The Azrieli Graduate School of Jewish Education and Administration is a graduate school part of Yeshiva University which specializes in Jewish education and was established in 1945 and named in 1983 for Montréal architect and philanthropist David J. Azrieli. Classes are held at Yeshiva University's Wilf Campus in Manhattan's Washington Heights neighborhood, and Israel Henry Beren Campus in Manhattan's Murray Hill neighborhood.

Azrieli's dean is Rona Milch Novick, Raine & Stanley Silverstein Chair in Professional Ethics and Values.

==Academics==
The School is an international center for training Jewish educators for administrative, supervisory, communal, and academic leadership. It offers Master of Science in Jewish Education and a Doctor of Education degrees.

The Director of the Master's Program is Laya Salomon.

There are many master's degree programs options that allow students to select the best course of study for their educational needs:
- Traditional Part-time Program
- Accelerated Master's Program (1-year start to completion, full-time study)
- Summer Program
- Joint BA/MS program from Yeshiva/Stern College
- Legacy Heritage Teacher Training Fellowship
- GiveBack Fellowship

The Fanya Gottesfeld Heller Division of Doctoral Studies offers three concentrations of doctoral study: educational leadership, psychology of student support, and curriculum and instruction that lead to an EdD. It also offers the Specialist's Certificate in Administration and Supervision of Jewish Education

Moshe Krakowski is the Director of the Doctoral Program

Azrieli also sponsors leadership and enrichment programs for teachers and administrators with the goal of improving the quality of Jewish schools.

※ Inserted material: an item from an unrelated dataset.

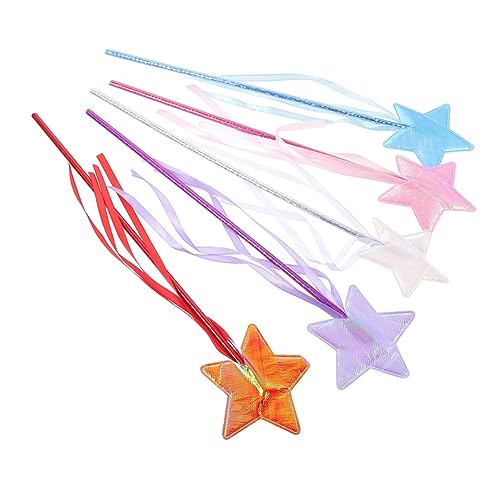 Toyvian 5St Pentagramm-Fee-Zauberstab Feenstab aus Stoff Kostüm halloweenkostüme für verkleidung Partyfee Zauberstab Mädchen-Performance-Fee-Stick ab Tuch von Toyvian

In addition, it publishes a series of monographs on research, teaching, and scholarship in Jewish education and PRISM: An Interdisciplinary Journal for Holocaust Educators.

==Institute for University-School Partnership==
The Institute for University-School Partnership, a division of the Azrieli Graduate School of Jewish Education and Administration, draws on the intellectual capital and research expertise of Yeshiva University and connects it strategically and proactively to teachers and leaders in the field of Jewish education.

The Institute offers extensive continuing education for teachers, administrators, lay leaders and other school-based professionals; recruits and places educators; conducts research and development projects in schools; publishes practical, research-based materials; and offers school affordability resources.